What is the simplest database?

Reading time ~3 minutes

The world of databases is a fascinating topic. It is very diverse. Many of them are extremely complex systems, but there are also very simple ones. There are the general purpose ones, and ones that do only one thing good, but they do it excelent. Despite all of this we tend to pick them just like we order food in a restaurant:

  • I’ll take the same as last time. It wasn’t ideal for what I wanted, but I could pick worse.
  • Hmm… Everyone is taking this one, so I’ll take it also.

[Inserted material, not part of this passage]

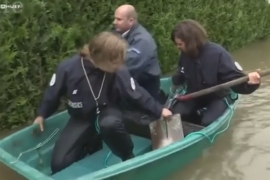 Francuska policija u borbi protiv poplava (VIDEO)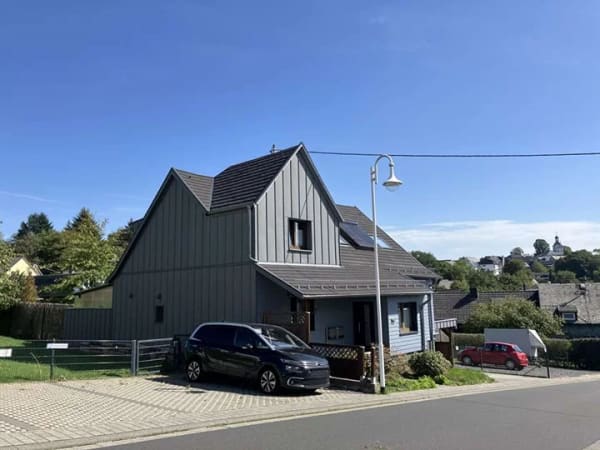 Immobilie in Bad Marienberg (Westerwald) - Bad Marienberg: Komplett modernisiertes Einfamilienhaus mit 1.144m² Grundstück in gefragter Lage! - Bild 1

Well, maybe it is time to dig deeper into it?

Preface

I’m writing this post in addition to my You are using the wrong database! talk which intention is to show:

  • how important is picking the right database and how strongly it affects the whole system
  • How diverse is the world of databases.
  • Why the most common criterium for choosing: “I’ll use what I know” sucks, putting it lightly.

Definition

Here is where a copy and paste from Wikipedia typically happens, but let’s create a definition based a more look and feel approach and let’s define simple requirements. I divided them into two parts: must-haves and should-haves. Here we go:

Must haves

Those points are what, for me, defines a database. The core functionalities that make a product a database:

  • ability to reliably persist data - kind of a no-brainer, but this paragraph is just for that.
  • ability to reliably retrieve data - there is little use for a database that can only accept data but can’t retrieve it.
  • ability to delete data - the first point defines INSERT, the second a SELECT operation, so all that is missing is a DELETE

Only three points? Yes, but remember, we are talking about the must haves.

Should-haves

So this is where I put all the theoretical features mumbling? Not exactly, here are my should-haves:

  • ability to query data - how this one differs from the must-haves ability to retrieve data? There we identified the data using a single key. Here we require the capacity to return a list of data that meets certain parameters. Think of it as the conditions on columns in the WHERE clause from SQL.
  • ability to update data - this, in theory, could be achieved by deleting and inserting a new record, but this implementation fails quite fast when taking into account a bit more advanced features (deleting and inserting would change the auto-generated ID, or could fail if the row was referenced).
  • has transactions - I am not talking here about the more advanced things like isolation levels or distributed transactions, but the simple fact that if something fails while executing an update the database won’t get corrupted.

The simplest database

Go on have a guess. What is the simplest database that fulfills all the must-haves and almost all should-haves?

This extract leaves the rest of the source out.